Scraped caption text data
#####
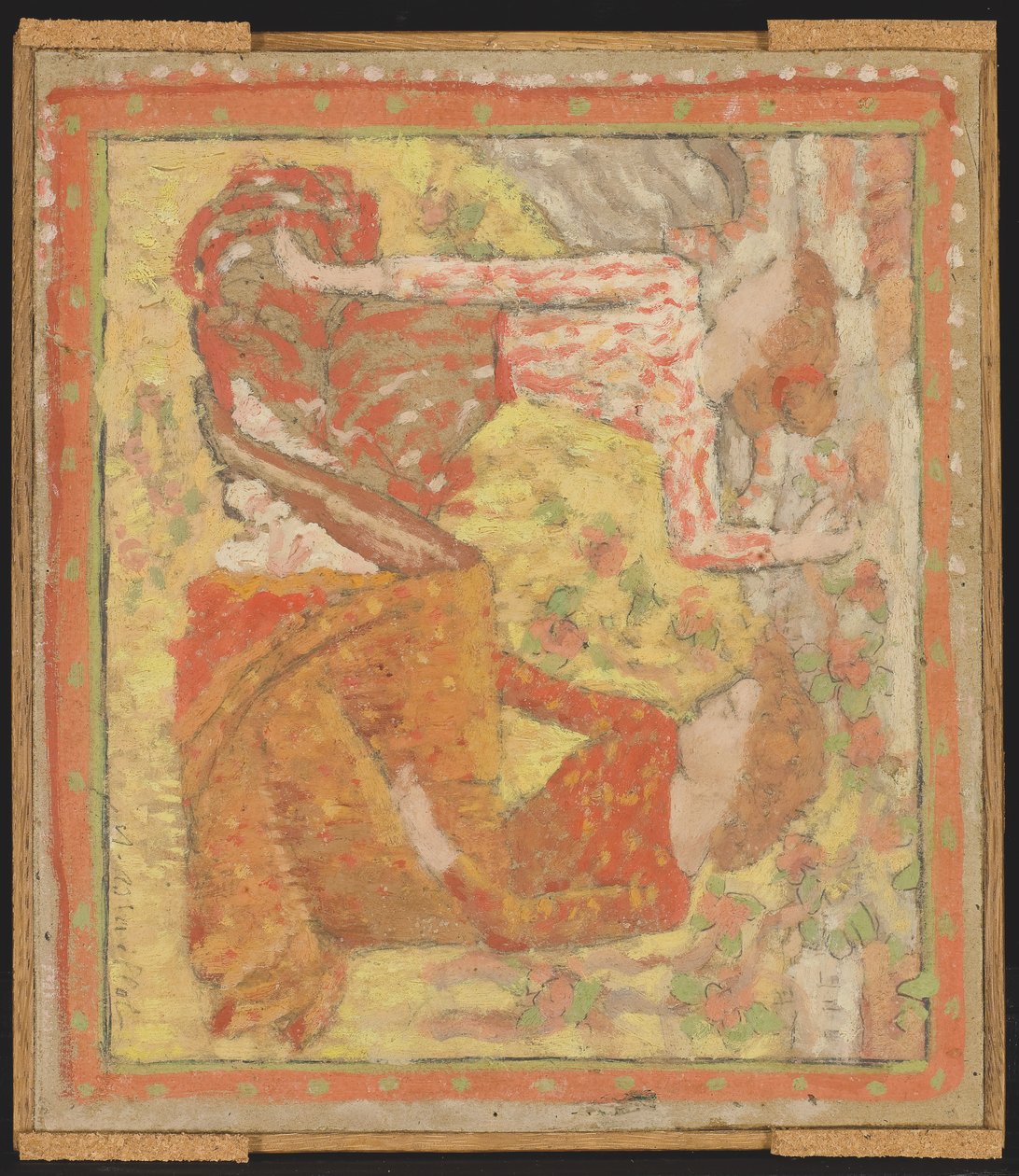 فتاتان صغيرتان في بستان (مشروع نسيج) ، حوالي 1895-1900 (زيت وحرارة وجرافيت على ورق مقوى مثبت على لوح) بواسطة أريستيد مايول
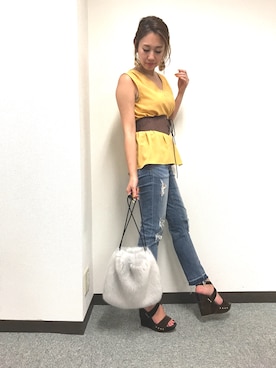 「M.deux（エムドゥ）のアイテム（デニムパンツ）」を使った、miyaさん（レディース・155cm）の夏コーディネート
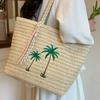 תיק כתף קש בקיבולת גדולה תיק יד נשים חדש רקום ארוג קיץ חופשת חוף הים רוח תיק חוף
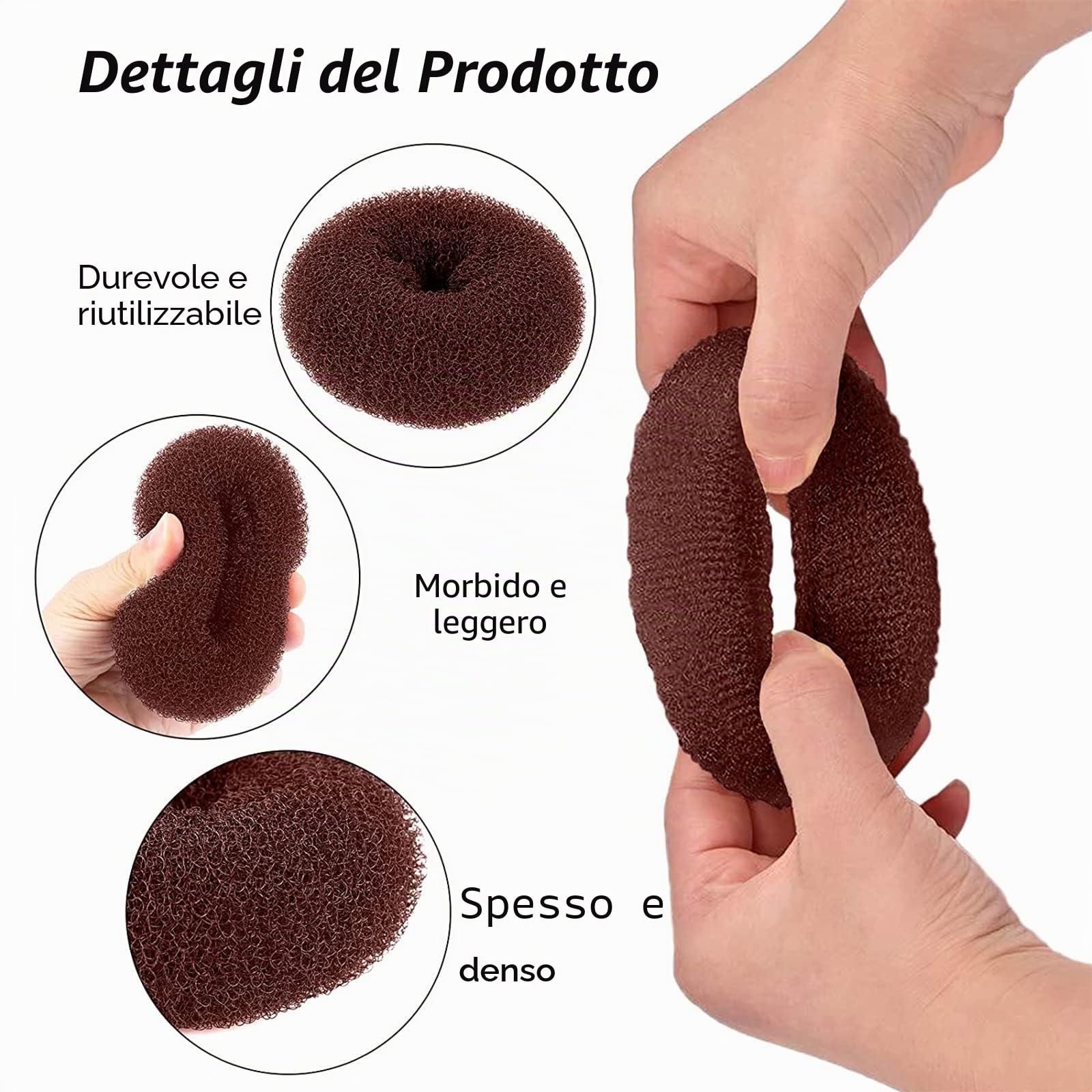 VEGCOO Chignon a Ciambella, 8 Pz Creatore per Pane Ciambella Chignon a Ciambella Magic Hair per Bambine e Donne, con 15 Elastici per Capelli e 15 Forcine Forma di U (Marrone)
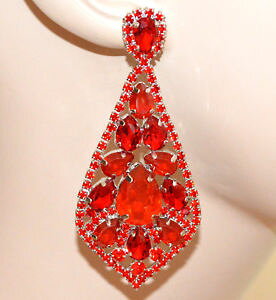 �y���������z�A�N�Z�T���[�@�l�b�N���X���b�V�C�������O�l�b�g���[�Norecchini rossi donna cristalli pendenti lunghi strass eleganti red earrings bb4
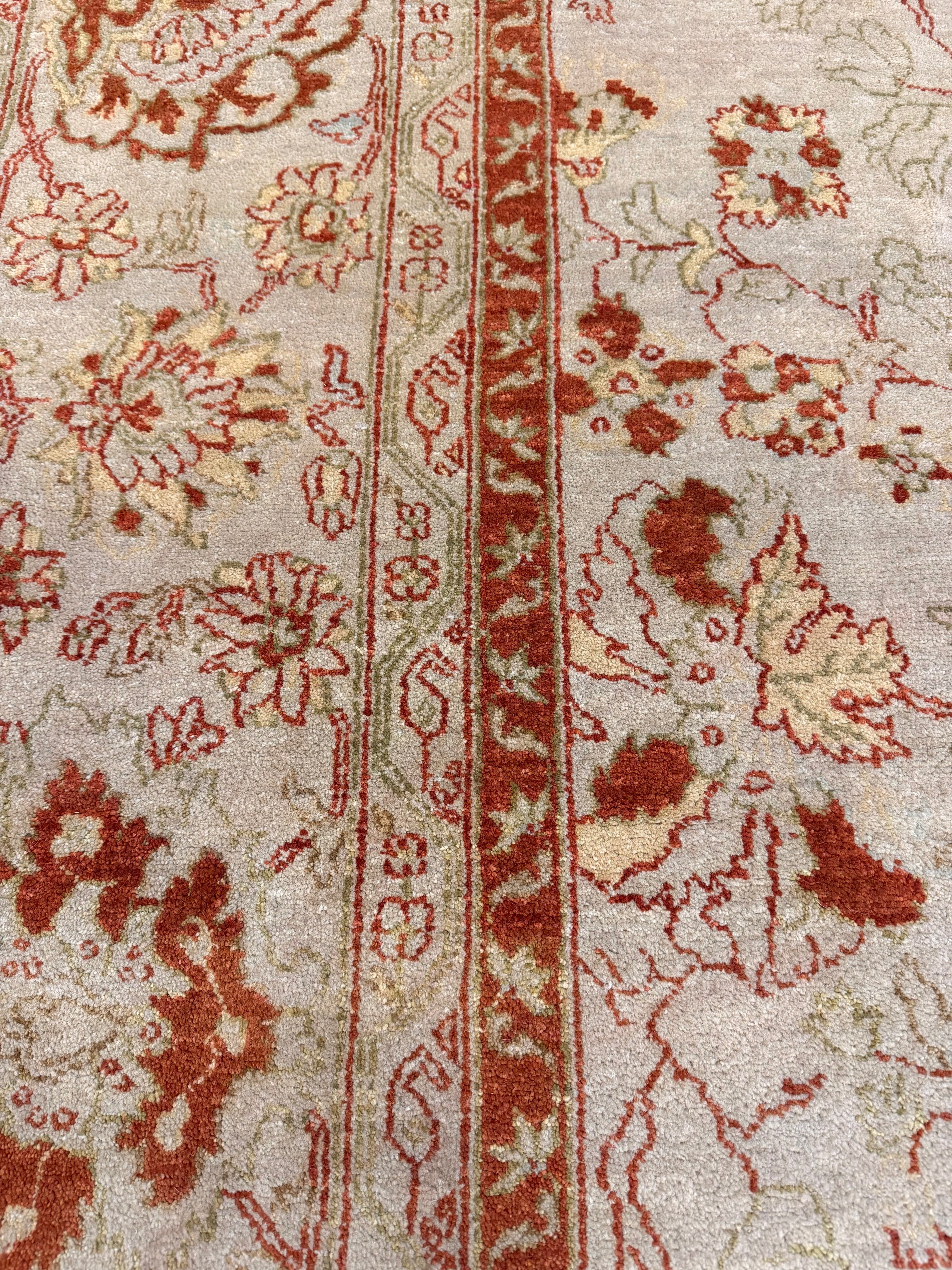 Ms. Kelly 10x13.11 Persian Ivory and Red Rug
#####
For this task, give again exactly the lines from the line with "red earrings bb4" through the end of the entries, including both ends, and omit the pictures.

> _Response_:
 �y���������z�A�N�Z�T���[�@�l�b�N���X���b�V�C�������O�l�b�g���[�Norecchini rossi donna cristalli pendenti lunghi strass eleganti red earrings bb4
 Ms. Kelly 10x13.11 Persian Ivory and Red Rug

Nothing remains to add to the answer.